PROVIDED RECORDS —
================

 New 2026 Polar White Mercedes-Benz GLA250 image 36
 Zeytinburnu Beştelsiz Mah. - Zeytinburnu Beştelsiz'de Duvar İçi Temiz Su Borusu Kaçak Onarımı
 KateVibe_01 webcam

================

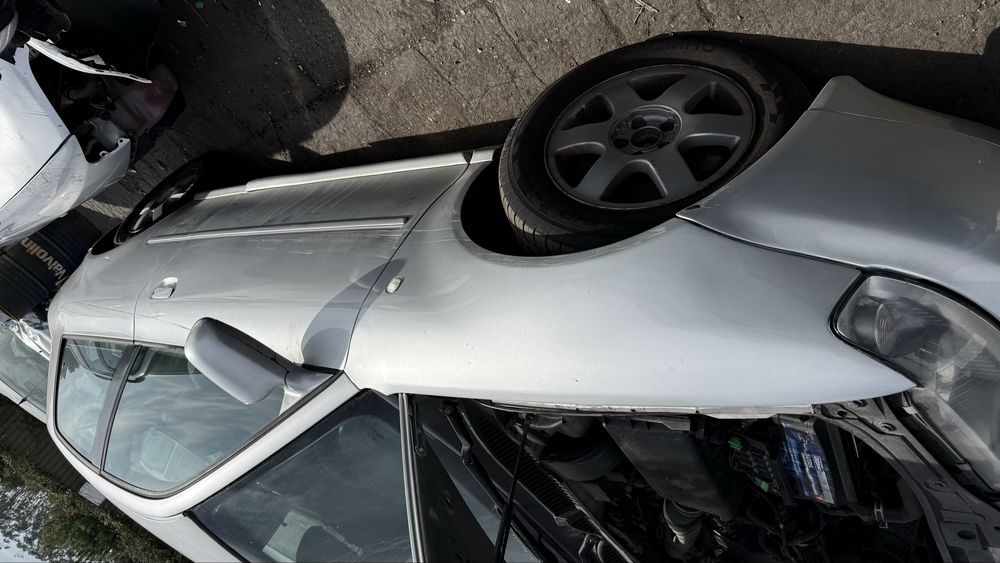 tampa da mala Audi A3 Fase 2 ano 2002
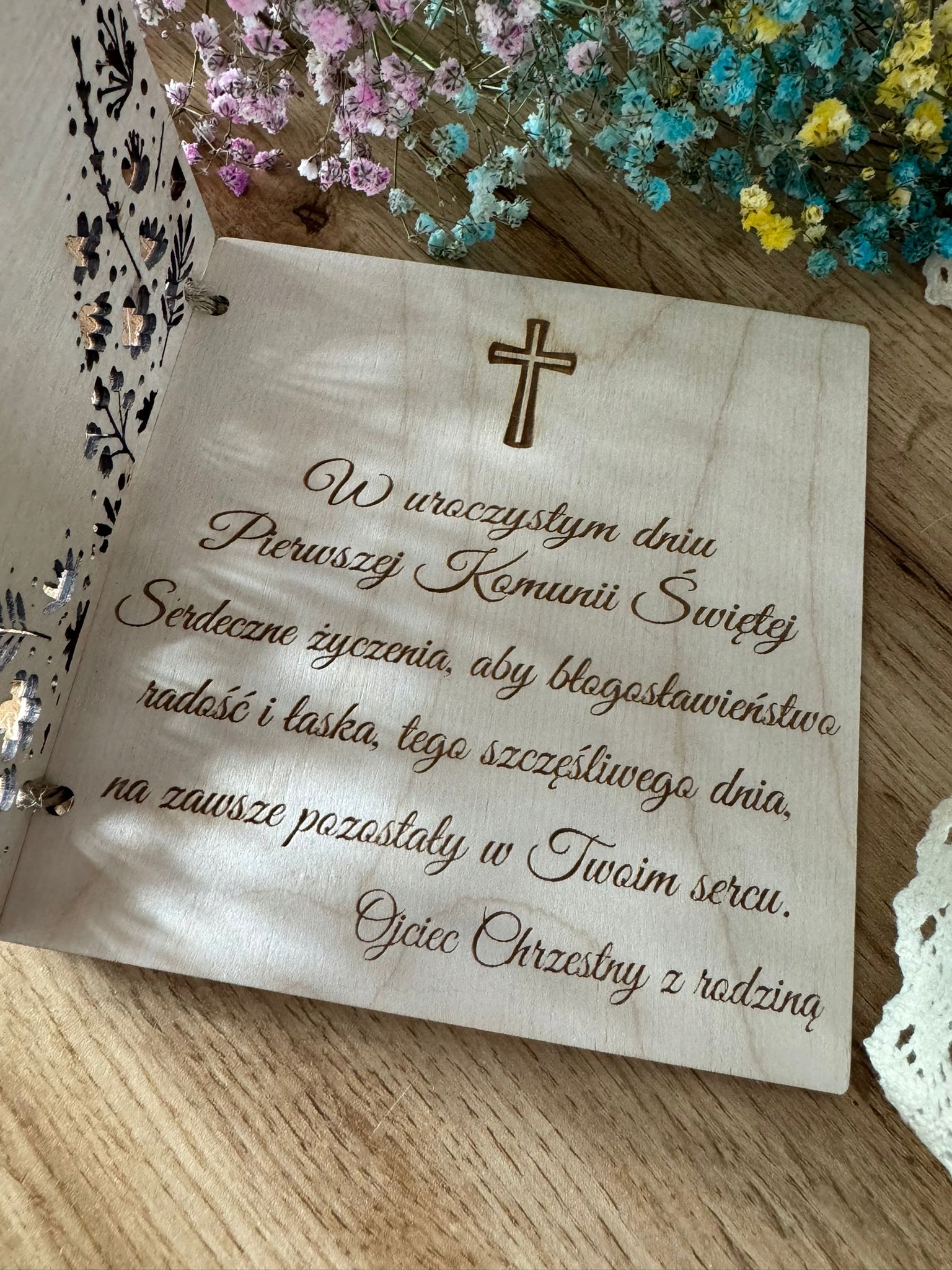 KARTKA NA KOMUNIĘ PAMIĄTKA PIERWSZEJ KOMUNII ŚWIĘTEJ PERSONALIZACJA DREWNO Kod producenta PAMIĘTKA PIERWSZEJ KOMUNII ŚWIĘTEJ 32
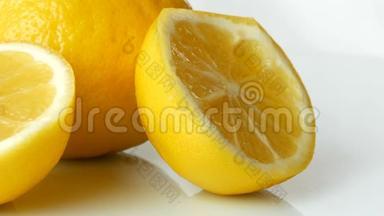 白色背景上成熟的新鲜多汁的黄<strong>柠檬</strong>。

================

EXERCISE OBJECTIVE — Transcribe, word for word, the lines of the listing above from the one that contains "KARTKA NA KOMUNIĘ" through the one that contains "白色背景上成熟的新鲜多汁的黄<strong>柠檬</strong>。", keeping both ends and dropping the pictures.

WRITTEN SOLUTION —
 KARTKA NA KOMUNIĘ PAMIĄTKA PIERWSZEJ KOMUNII ŚWIĘTEJ PERSONALIZACJA DREWNO Kod producenta PAMIĘTKA PIERWSZEJ KOMUNII ŚWIĘTEJ 32
 白色背景上成熟的新鲜多汁的黄<strong>柠檬</strong>。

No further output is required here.